:: What the task requires ::
Among the entries below, only the lines starting at the one with "Alabama baseball: Interim" and ending at the one with "Delta Hotels by", both included, are to be printed exactly.

Dataset content START

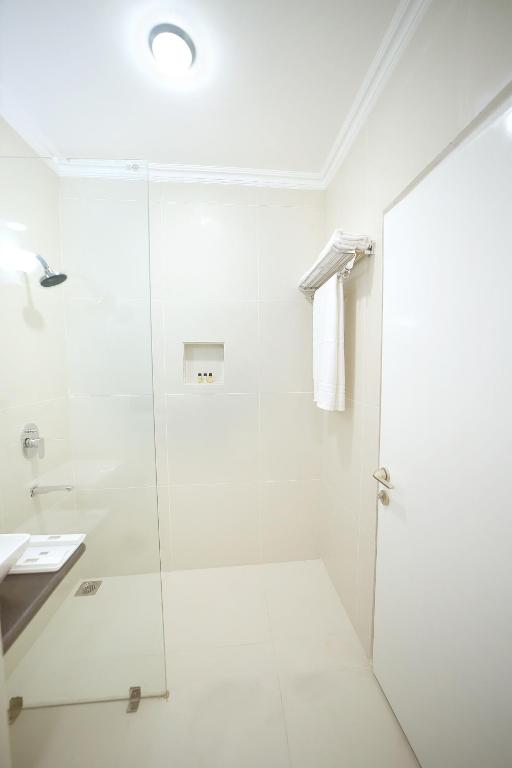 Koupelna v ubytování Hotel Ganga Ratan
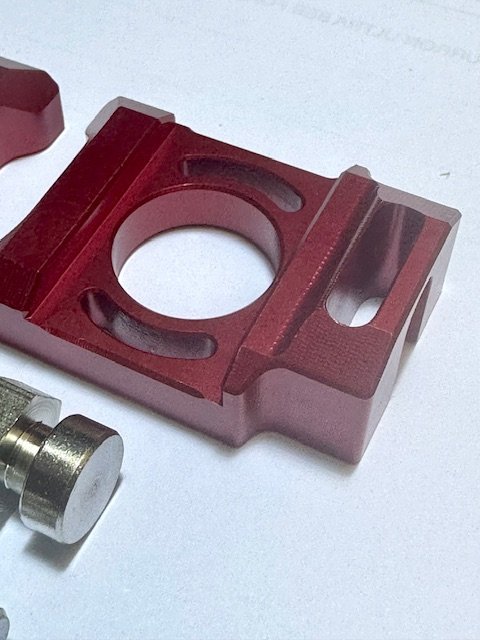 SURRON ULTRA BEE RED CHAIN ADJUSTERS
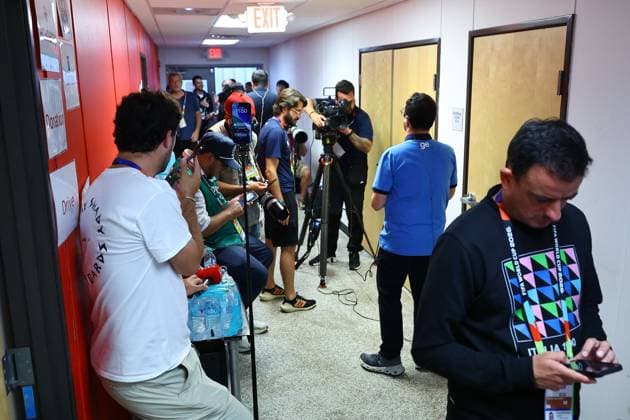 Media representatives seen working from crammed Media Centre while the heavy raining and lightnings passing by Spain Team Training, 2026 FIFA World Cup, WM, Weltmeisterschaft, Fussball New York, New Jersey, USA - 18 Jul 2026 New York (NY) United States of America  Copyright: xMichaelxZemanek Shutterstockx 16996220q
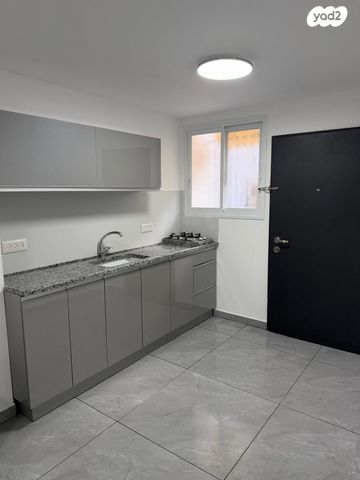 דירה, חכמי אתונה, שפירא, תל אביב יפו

Dataset content END
Dataset content START

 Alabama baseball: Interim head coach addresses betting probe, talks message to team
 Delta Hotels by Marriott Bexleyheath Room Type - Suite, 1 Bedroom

Dataset content END
Dataset content START

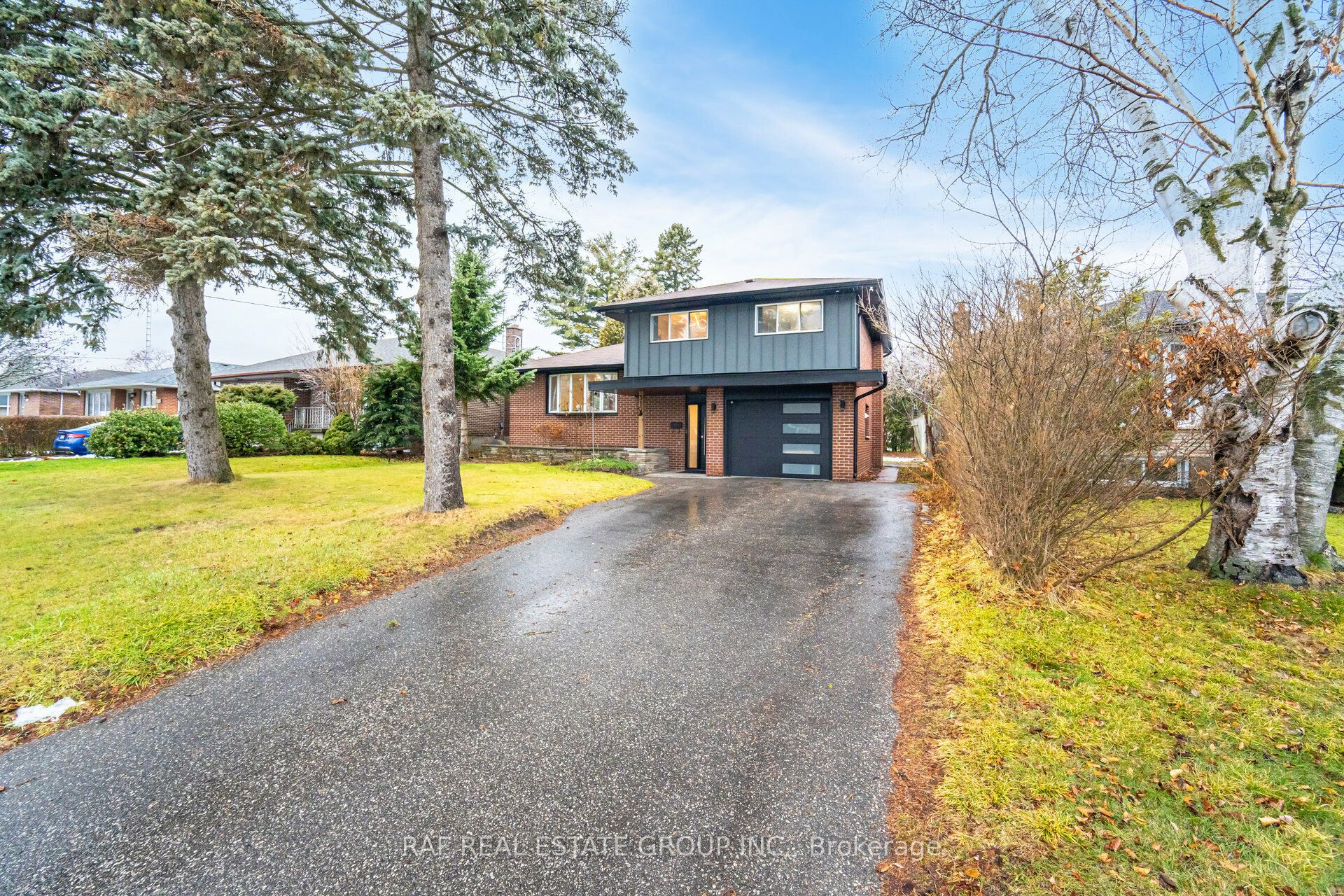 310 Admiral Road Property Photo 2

Dataset content END

:: Written answer ::
 Alabama baseball: Interim head coach addresses betting probe, talks message to team
 Delta Hotels by Marriott Bexleyheath Room Type - Suite, 1 Bedroom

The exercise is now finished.